Take it from experience, be sure to warm those tires up first :bigpimp:


----------



## darwin316 (Apr 29, 2009)

I-Won-Today said:


> No launch control tests here  Our enviroment is not controlled enough for that.
> 
> I'd recommend a big empty parking lot with nothing to hit for at least 100 yards and some car control skills.
> 
> Take it from experience, be sure to warm those tires up first :bigpimp:


aaahhh... oh well, i tried 

Looking forward to meeting you there!


----------



## turpiwa (Jun 13, 2005)

I-Won-Today said:


> No launch control tests here  Our enviroment is not controlled enough for that.
> 
> I'd recommend a big empty parking lot with nothing to hit for at least 100 yards and some car control skills.
> 
> ...


I am doing PCD on the 24th June as well - followed by 2 days of the M3 School :thumbup: So will see you there!

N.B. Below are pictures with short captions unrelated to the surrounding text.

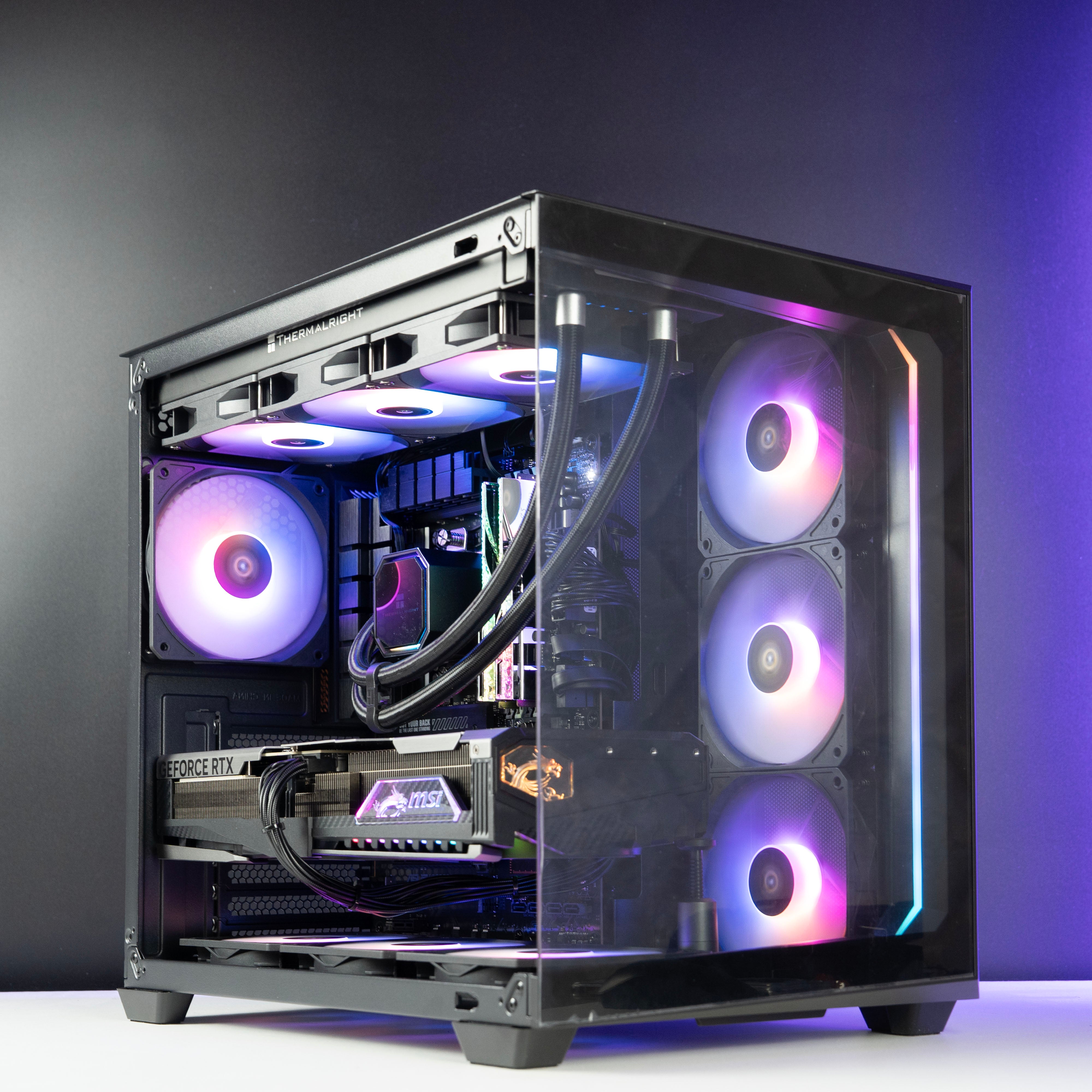 Black custom AMD gaming PC with RGB lighting – Ryzen 7 9800X3D with NVIDIA RTX 5070 Ti 16GB, 32GB DDR5, 2TB SSD in Antec C5 case, designed for 1440p and 4K gaming in Australia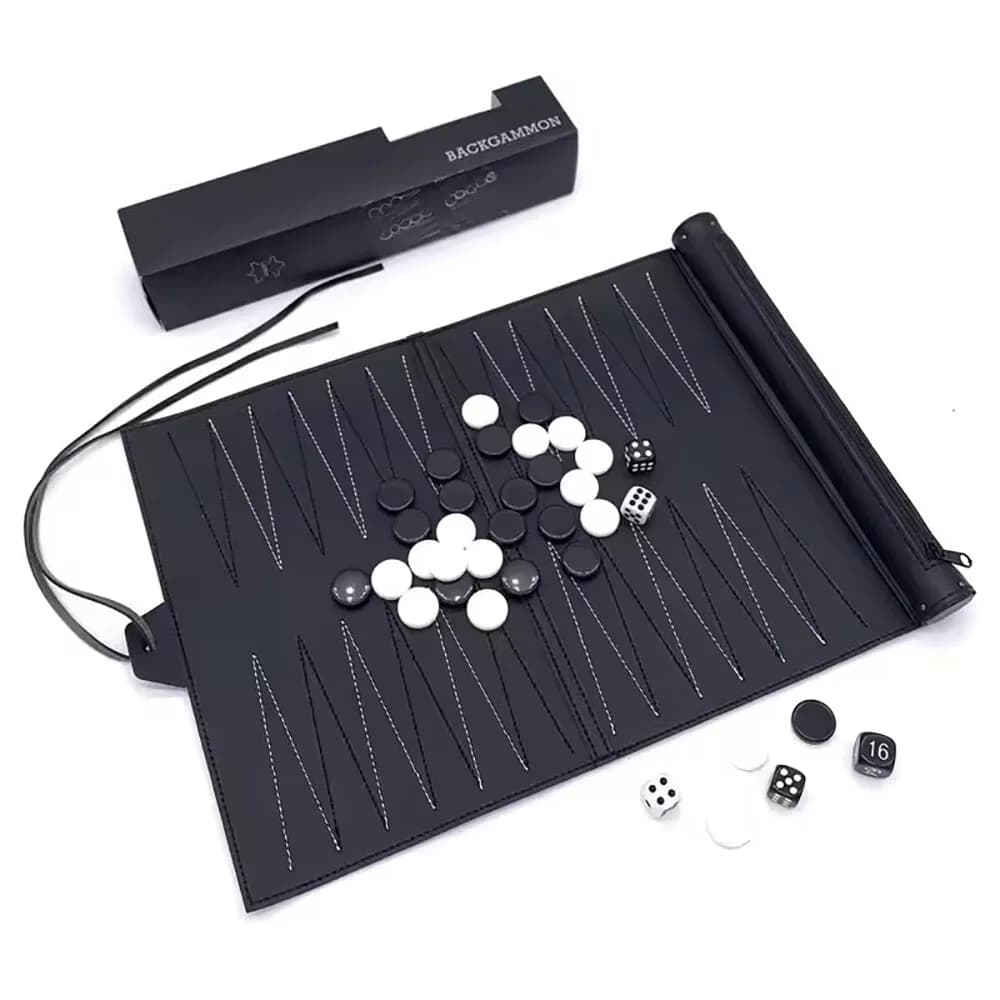 Giochi di Backgammon Portatili, Giochi da Tavolo da Viaggio per Adulti e Bambini, Scacchiera Classica Pieghevole in Pelle PU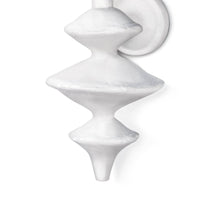 Hope Sculptural Wall Sconce, 21" tall, with complex matte white curves and unique paper maché texture.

Do we get to try out launch control on the M3 course?

Damn - the factory is shut? I missed out on the factory tour in Munich as well due to a public holiday. Oh well - I did get to go in Munich in 2005 on my last ED!


----------



## darwin316 (Apr 29, 2009)

turpiwa said:


> I am doing PCD on the 24th June as well - followed by 2 days of the M3 School :thumbup: So will see you there!
> 
> Do we get to try out launch control on the M3 course?
> 
> Damn - the factory is shut? I missed out on the factory tour in Munich as well due to a public holiday. Oh well - I did get to go in Munich in 2005 on my last ED!


Cool... I'll see you there!


----------



## darwin316 (Apr 29, 2009)

I'm at the Marriott at Greenville already... cant wait for tomorrow! M3 here I come!!!


----------



## New Motors (Mar 24, 2008)

Have FUN!


----------



## 03BeastCharmer (Aug 29, 2007)

Hope both of you enjoy your deliveries today. I can't imagine having to wait so long for the car to come across the pond. I guess that's also because I've never ordered a car, so the wait has always been much shorter.


----------



## darwin316 (Apr 29, 2009)

Yeah... the wait was horrendous, but definitely worth it!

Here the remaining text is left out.